Saturday, October 16, 2010

Buffalo Chicken Penne















Buffalo Chicken Penne
From Carries Sweet Life

1 lb chicken breast, bite size pieces
1 (11 1/2 ounce) can cream of chicken soup
1/2 cup hot sauce
6 ounces mozzarella cheese, shredded (about 1 1/2 cups)
1/2 cup blue cheese, crumbled
1 1/2 cups sour cream
3 cups penne, uncooked

Season chicken salt and pepper and put it in the crock.
Add the chicken soup and hot sauce and stir.
Cook on low 4-6 hours or high 2-3.
Stir in cheeses and sour cream and turn off the crock pot.
Boil pasta according to package instructions, drain well and add to the chicken/sauce mixture.
Stir well and serve!


Changes I Made: First, I did not measure anything. I added enough Frank's Red Hot that I thought Mr D would like it but it wouldn't be too hot for myself. I cooked the chicken on low for 3 hours and it was perfect. I do think our crockpot always cooks faster than the recommended time. I omitted blue cheese. Next time, I would add less sour cream.

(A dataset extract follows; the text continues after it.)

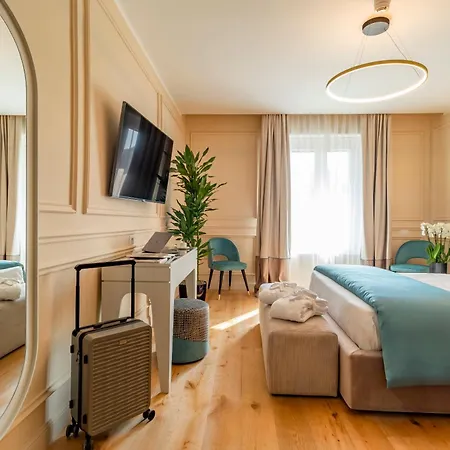 Trevi Imperial 3 Гостевой дом Рим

The Verdict: This was a hit! We both really enjoyed it. It had enough kick to it that you knew it was buffalo chicken, but it wasn't too spicy that you couldn't enjoy it. I would add less sour cream next time, knowing I was eating that much sour cream kinda made me gag a little.

1 comment:

Elaina Weaver said...

This looks delicious!! I will have to try it.